G.    Extension of Restricted Periods. In addition to the remedies the Company or any member of the Company Group may seek and obtain pursuant to this Agreement, the restricted periods set forth herein shall be extended by any and all periods during which the Executive shall be found by a court to have been in violation of the covenants contained herein.

H.    Non-Disparagement. The Executive shall not at any time after the Separation Date, directly or indirectly, disparage, criticize or otherwise make derogatory statements regarding the Company or any member of the Company Group, or any of their respective successors, shareholders, partners, members, employees, directors or officers. The foregoing shall not be violated by the Executive’s truthful responses to legal process or inquiry by a governmental authority.

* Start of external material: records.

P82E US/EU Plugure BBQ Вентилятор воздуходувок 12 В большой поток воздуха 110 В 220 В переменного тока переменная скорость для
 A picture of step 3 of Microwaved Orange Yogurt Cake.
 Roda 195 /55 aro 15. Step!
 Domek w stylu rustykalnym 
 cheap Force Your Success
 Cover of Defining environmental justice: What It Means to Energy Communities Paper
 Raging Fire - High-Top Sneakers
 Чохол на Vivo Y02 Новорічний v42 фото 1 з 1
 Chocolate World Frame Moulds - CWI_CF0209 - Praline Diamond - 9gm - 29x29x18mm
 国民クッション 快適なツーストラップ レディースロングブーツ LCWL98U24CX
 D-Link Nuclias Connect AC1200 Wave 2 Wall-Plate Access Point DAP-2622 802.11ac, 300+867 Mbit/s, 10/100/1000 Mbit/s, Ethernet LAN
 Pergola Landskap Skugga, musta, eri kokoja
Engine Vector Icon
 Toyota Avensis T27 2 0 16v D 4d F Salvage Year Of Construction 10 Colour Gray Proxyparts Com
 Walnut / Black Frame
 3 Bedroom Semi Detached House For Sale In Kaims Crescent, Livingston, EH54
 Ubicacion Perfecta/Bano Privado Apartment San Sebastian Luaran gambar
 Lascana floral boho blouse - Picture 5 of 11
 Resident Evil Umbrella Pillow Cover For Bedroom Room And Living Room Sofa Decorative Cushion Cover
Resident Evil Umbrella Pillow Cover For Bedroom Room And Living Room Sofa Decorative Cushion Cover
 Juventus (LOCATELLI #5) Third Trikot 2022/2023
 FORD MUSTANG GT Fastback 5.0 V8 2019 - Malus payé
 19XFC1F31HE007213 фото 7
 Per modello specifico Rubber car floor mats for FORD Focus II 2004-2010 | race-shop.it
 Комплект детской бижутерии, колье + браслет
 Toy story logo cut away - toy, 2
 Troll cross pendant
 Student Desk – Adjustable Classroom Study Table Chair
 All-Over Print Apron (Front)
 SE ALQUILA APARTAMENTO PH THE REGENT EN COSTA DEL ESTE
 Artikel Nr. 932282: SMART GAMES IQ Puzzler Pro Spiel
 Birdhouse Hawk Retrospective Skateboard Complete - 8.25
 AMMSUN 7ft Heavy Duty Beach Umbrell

6.                  No Complaints, Claims, or Actions Filed. The Executive represents that the Executive has not filed any complaints, claims, or actions against the Company or any Released Party (as defined in Section 7 below) with any state, federal, or local agency or court. The Executive covenants and agrees that the Executive will not file any complaints, claims, or actions against the Company or any Released Party with respect to a claim released pursuant to Section 7 below at any time hereafter. The Executive warrants and represents that, as of the date of execution of this Agreement, the Executive is not aware of any facts that would establish, tend to establish, or in any way support an allegation that the Company or any Released Party has engaged in conduct that the Executive believes could violate any federal, state, or local law, or to the extent that the Executive has or ever had any such information, the Executive has reported that information to the Company in accordance with Company policy.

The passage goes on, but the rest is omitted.